[Your assignment] With the pictures removed, write out the data below exactly.

[Data supplied]
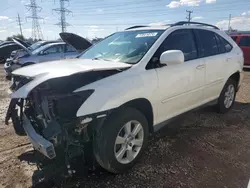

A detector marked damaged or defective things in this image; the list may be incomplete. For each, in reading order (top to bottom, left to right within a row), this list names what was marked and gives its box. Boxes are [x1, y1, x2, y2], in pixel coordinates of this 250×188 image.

crushed hood [12, 38, 31, 55]
crushed hood [59, 32, 93, 51]
crushed hood [10, 58, 132, 98]
damaged white suv [5, 21, 244, 173]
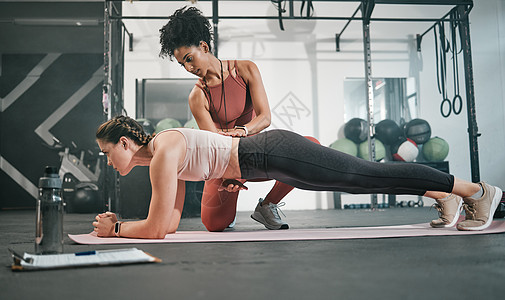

[Solution]
A detector marked damaged or defective things in this image; the list may be incomplete. For each, in reading order (top to bottom, left to right within a row), this list names what was marked and gives its box. Boxes are [x1, y1, x2, y2], in pixel coordinates of this 250×188 image.

crushed hood [12, 38, 31, 55]
crushed hood [59, 32, 93, 51]
crushed hood [10, 58, 132, 98]
damaged white suv [5, 21, 244, 173]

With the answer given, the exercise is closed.